Using systematic random sampling, the error can be reduced even more. If we section the sphere as we did in B above, but only examine every other section (the solid lines in C in the illustration below), the error is smaller than if the section thickness were greater (e.g. A). When sampling, the amount of overestimation is balanced by the amount of underestimation. The remaining is known as the “amount of overestimate of the underestimate.”

During sampling, underestimation occurs as the region gets larger as you progress through the sections (solid orange in C above), while as the region decreases in size, overestimation occurs (striped orange in C).
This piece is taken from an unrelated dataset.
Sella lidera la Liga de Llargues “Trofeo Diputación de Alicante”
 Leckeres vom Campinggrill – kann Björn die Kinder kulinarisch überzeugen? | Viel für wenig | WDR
The error that remains when you balance the over- and underestimates together is the “overestimate of the underestimate” which is represented by blue in A.

Remember, the amount of over-projection error that may occur in your estimate is due to the variable shape of the region of interest and the number of sections you have through it.
Practically speaking, over-projection error is often considered minimal if you calculate a volume estimate generated from 10-15 evenly spaced systematic random sections through the region of interest.
A more important consideration for the accuracy of the estimation is the definition of boundaries that do not have explicit outlines.

The shape factor is the perimeter of the contour around the area of interest divided by the square root of the area. It is a component of the formula used to calculate the coefficient of error (Coefficients of Error). Stereo Investigator does not calculate a shape factor; instead, it defaults to the value 4.0.

If you determine the shape factor of the areas you are estimating by measuring or estimating the mean area and boundary for your regions, you can modify the shape factor constant used in the CE equation to see the impact on the CE calculation.

Modifying the shape factor does not change the estimated area or volume; it only alters the CE of the estimated area or volume.

Determining a shape factor?

Choose a shape factor on the basis of how the region compares to other shapes:

1. Click Move>Where Is to get an aerial view of the region of interest.
2. Click Probes>Display Probe Run List.
3. Click the View Results button. The Sampling Results dialog box opens.
4. Click the Edit Shape Factor button. The Shape Factor dialog box opens . After changing the shape factor, the calculations that depend upon it are automatically updated.

OR

Calculate and enter the average shape factor.

• Define the boundary then use the estimate of areas.
• If you have contours traced, you can find the Shape Factor for each contour used in the Contour Measurements window (Contour Measurements).

The Contour Measurements window also contains area information for the contour. Be aware that this information is calculated assuming that the tracing is accurate to the nearest pixel. Use of the Cavalieri method is required to obtain an unbiased estimate.